## Exercise objective
Pictures aside, reproduce exactly and only the lines below, starting at the one containing "Casa Blanca Restaurant La Unión" and ending at the last line.

## Information supplied
────────────────

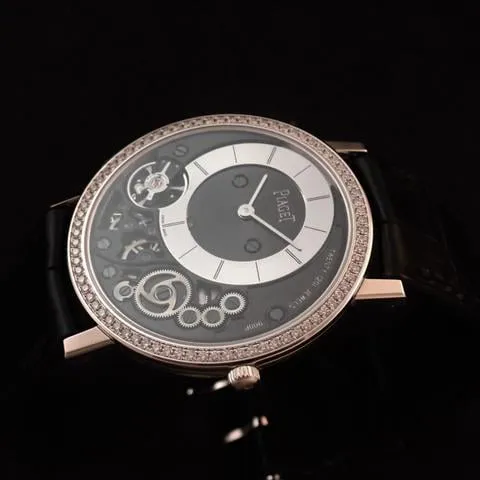 Piaget Altiplano P10920 38.5mm White gold Gray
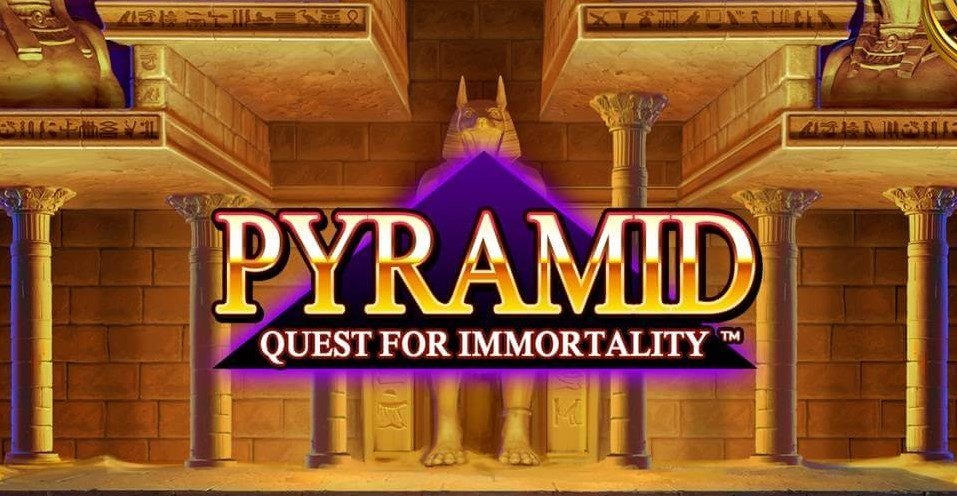 Pyramid: Quest for Immortality Touch Spielautomat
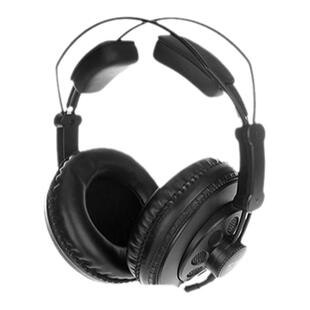 Superlux/舒伯乐 HD668B 头戴式有线耳机录音直播hifi监听耳机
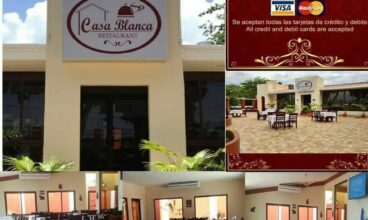Casa Blanca Restaurant La Unión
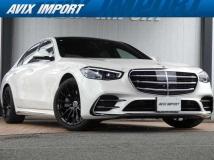 2022 Mercedes-Benz S-Class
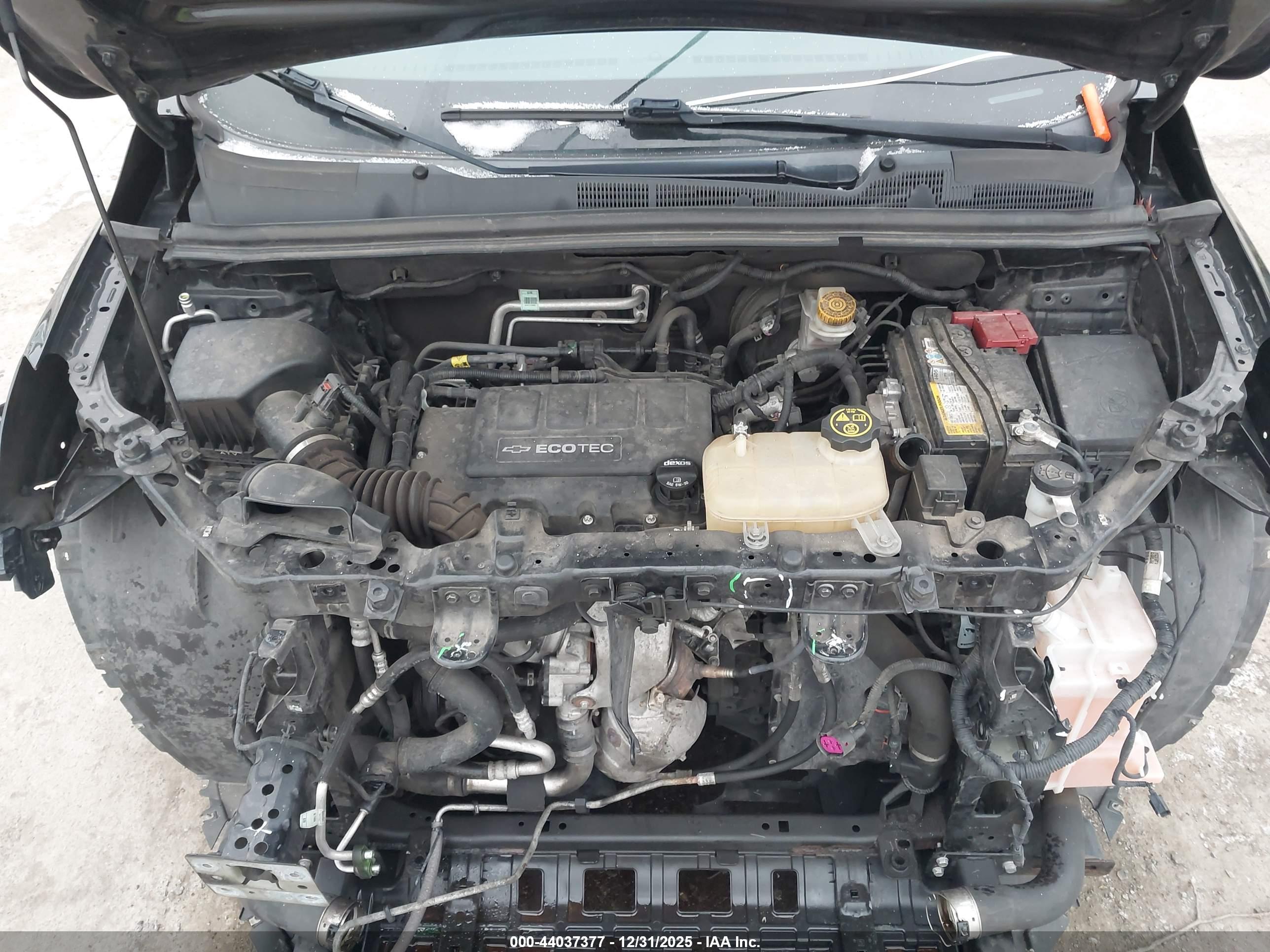 CHEVROLET TRAX image 10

────────────────

## Answer below
Casa Blanca Restaurant La Unión
 2022 Mercedes-Benz S-Class
 CHEVROLET TRAX image 10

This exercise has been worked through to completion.